Problem: HAVING executes before SELECT creates aliases

Wrong Filter, Wrong Place

-- WRONG: HAVING can't access individual row values
SELECT user_id, COUNT(*)
FROM Listens
GROUP BY user_id
HAVING rating > 4.0            -- Error: Which rating? Group has many!

-- CORRECT: WHERE for row conditions, HAVING for group conditions
SELECT user_id, COUNT(*)
FROM Listens
WHERE rating > 4.0             -- Filter rows BEFORE grouping
GROUP BY user_id
HAVING COUNT(*) > 2            -- Then filter groups by aggregate

Problem: HAVING should use aggregate functions or GROUP BY columns

NULL Aggregate Confusion

-- Surprising: AVG ignores NULL ratings
SELECT user_id, AVG(rating)
FROM Listens
GROUP BY user_id
HAVING AVG(rating) > 4.0       -- AVG skips NULLs (may mislead!)

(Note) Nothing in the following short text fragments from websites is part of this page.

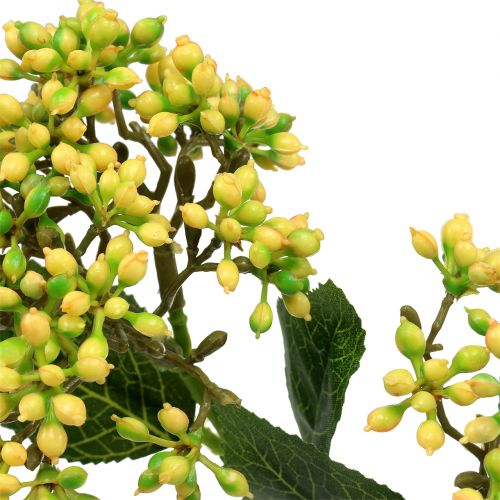 Floristik24 Viburnum bærgren 54cm gul 4stk
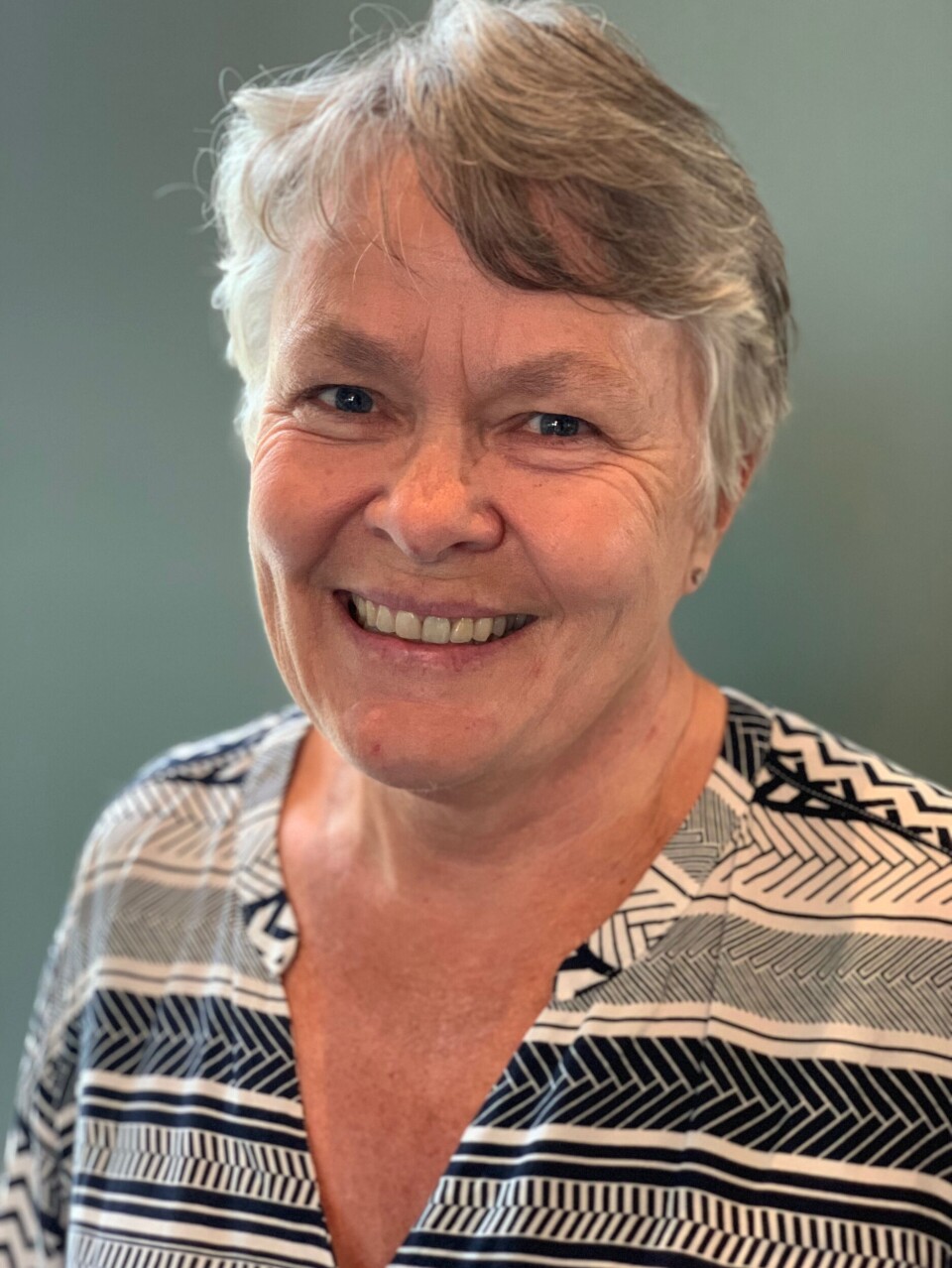 Nina Køpke Vøllestad is a professor at the University of Oslo.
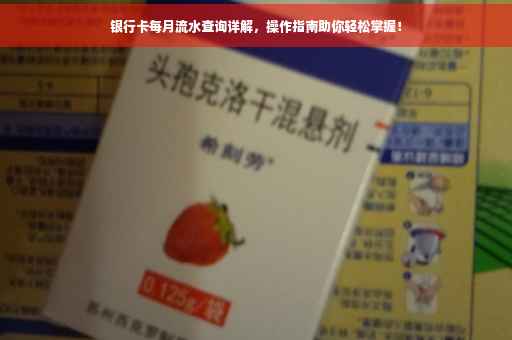 银行卡每月流水查询详解，操作指南助你轻松掌握！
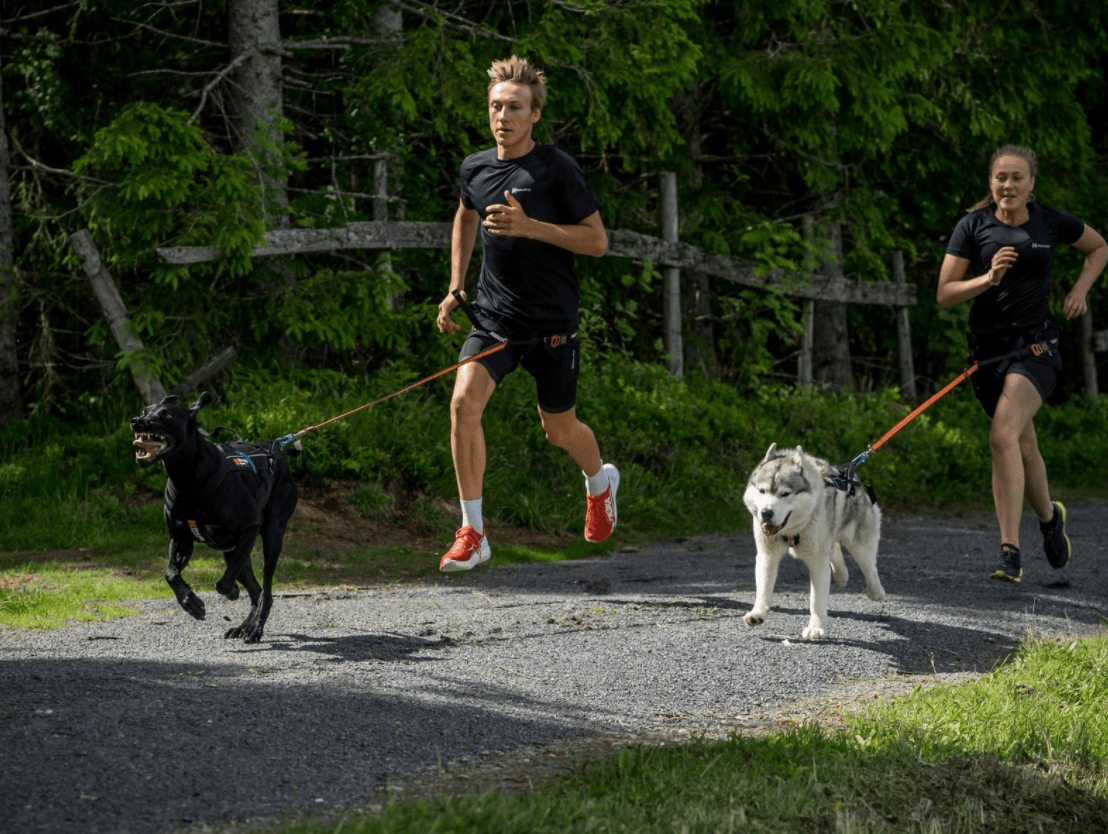 ***NEW COLOUR*** CaniX Tech Tee (Non - Stop Dogwear) - SnowPaw Store - Non - Stop Dogwear - Active Human Gear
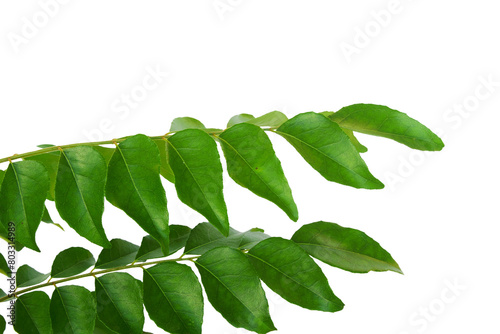 fresh indian spice plant curry leaves or curry patta herb plant use in indian gujarati food like kadhi,vada,rasam,chutney,sambhar,dal and other recipe,cutout in transparent background,png format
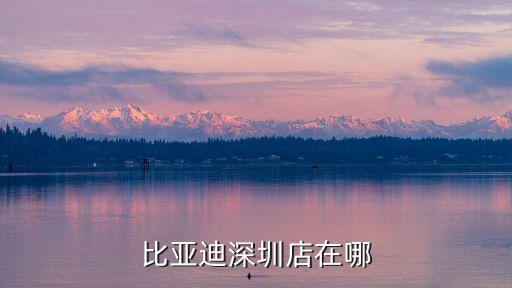 比亞迪深圳店在哪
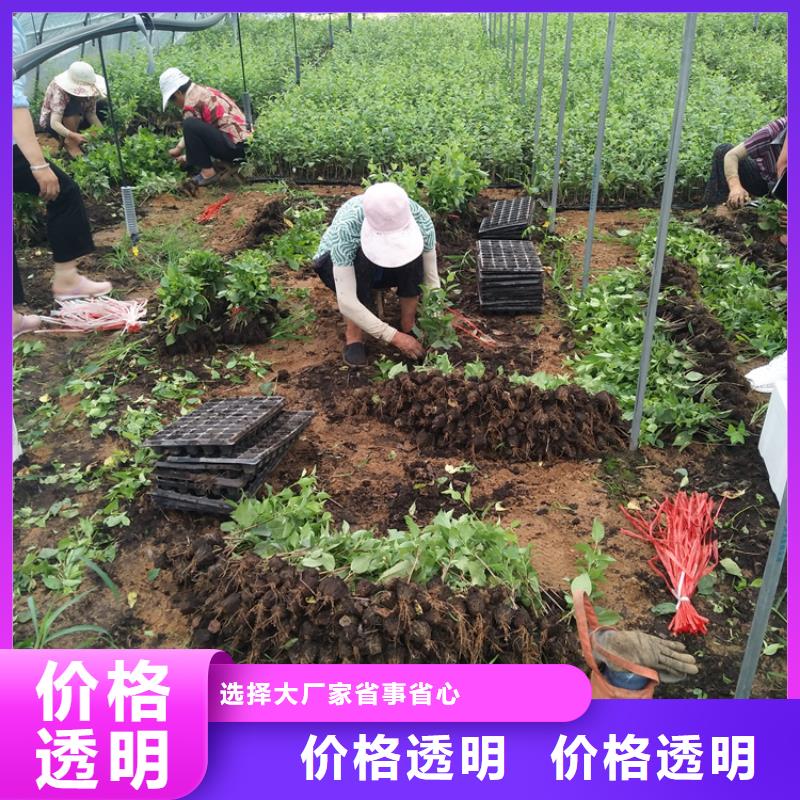 樱桃石榴树品质优选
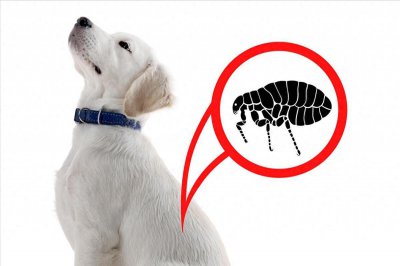 ​跳蚤最怕的6个克星，家里有宠物的你一定要看看！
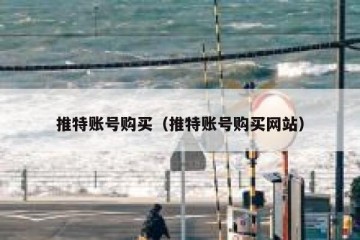 推特账号购买（推特账号购买网站）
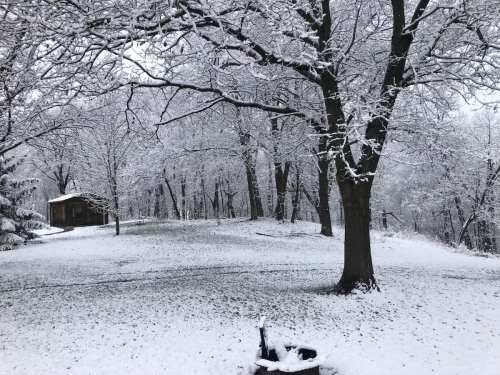 A snowy landscape with bare trees and a small cabin in the background, creating a serene winter scene.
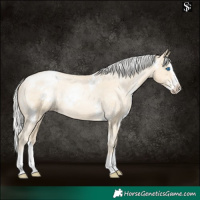 Horse Color:White Spotted Silver Sable Cream Champagne Pearl Splash Appaloosa 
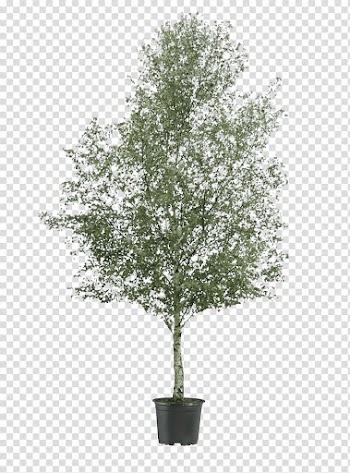 Silver birch Tree Oak River birch Shrub, birch transparent background PNG clipart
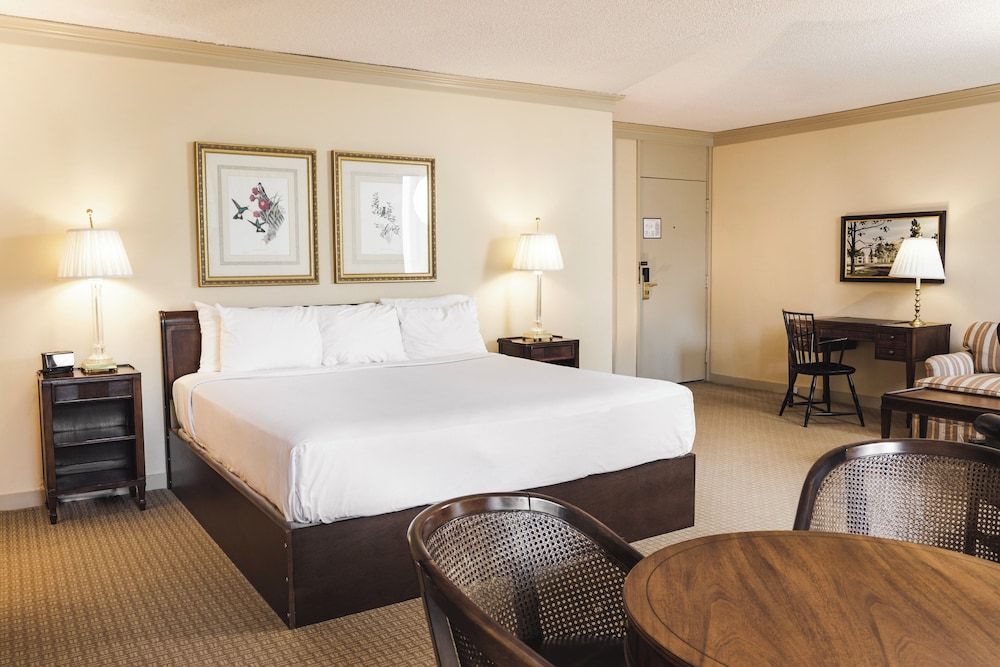 Deluxe Room, 1 King Bed with Sofa bed (Pond View)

-- Explicit: Show total vs rated counts for clarity
SELECT user_id, 
       COUNT(*) AS total,       -- Includes NULL rows
       COUNT(rating) AS rated,  -- Excludes NULL ratings
       AVG(rating) AS avg_rating
FROM Listens
GROUP BY user_id
HAVING COUNT(rating) > 0       -- Ensure at least 1 non-NULL rating
   AND AVG(rating) > 4.0       -- Then check average

Problem: AVG ignores NULL, which affects HAVING conditions